> [How to complete this task]
Everything from the line holding "Asterix PVC Figure Bow Shooting 6.5 cm" to the end of the listing below should be copied exactly, line for line, minus the pictures.
(Raw data begins)
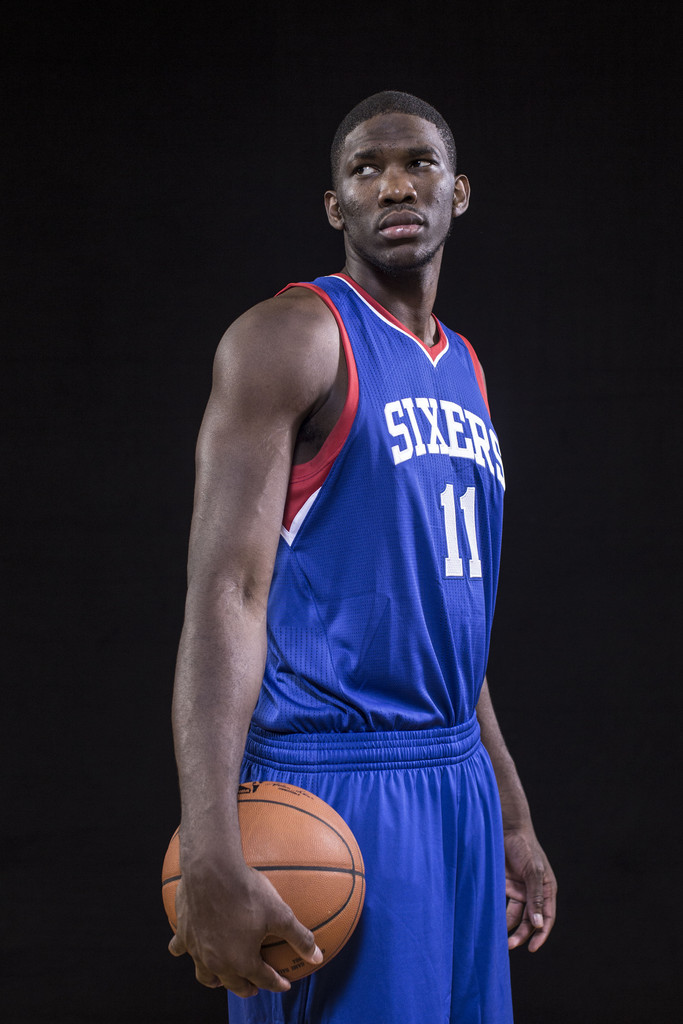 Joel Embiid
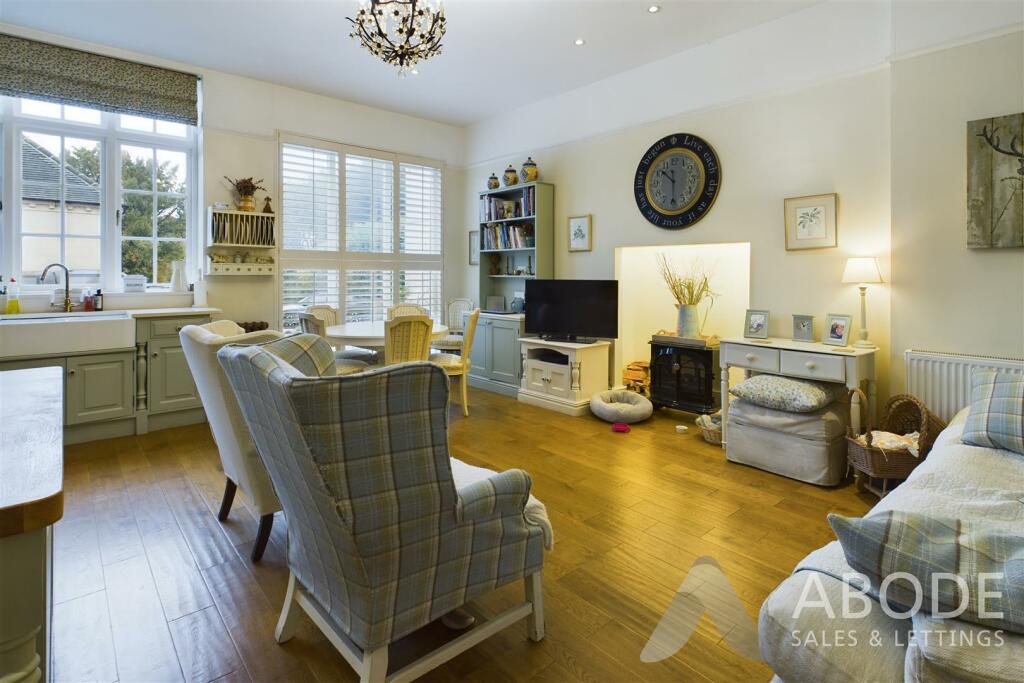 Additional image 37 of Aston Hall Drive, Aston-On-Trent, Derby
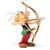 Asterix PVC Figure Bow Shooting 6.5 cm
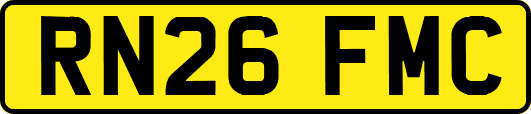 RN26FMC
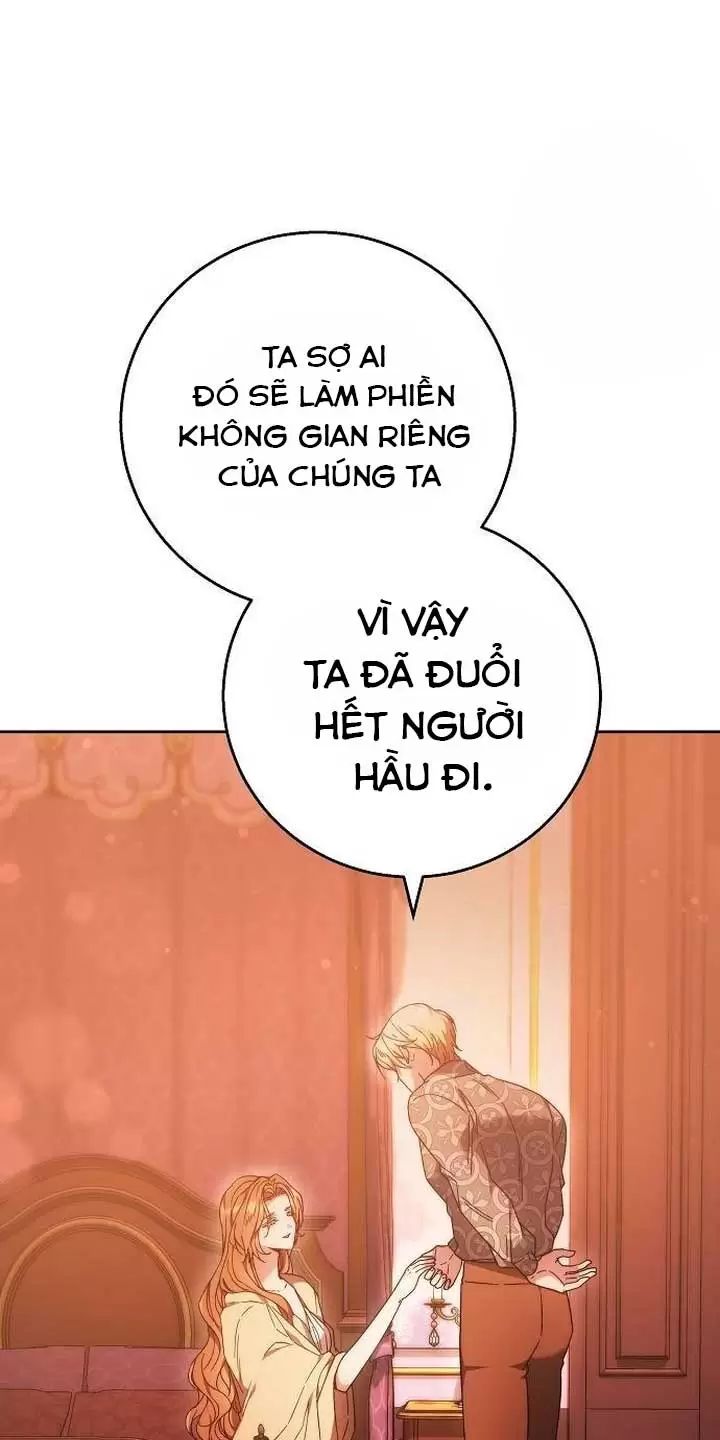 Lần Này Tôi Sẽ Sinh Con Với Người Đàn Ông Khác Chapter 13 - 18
(Raw data ends)
> [Answer section]
 Asterix PVC Figure Bow Shooting 6.5 cm
 RN26FMC
 Lần Này Tôi Sẽ Sinh Con Với Người Đàn Ông Khác Chapter 13 - 18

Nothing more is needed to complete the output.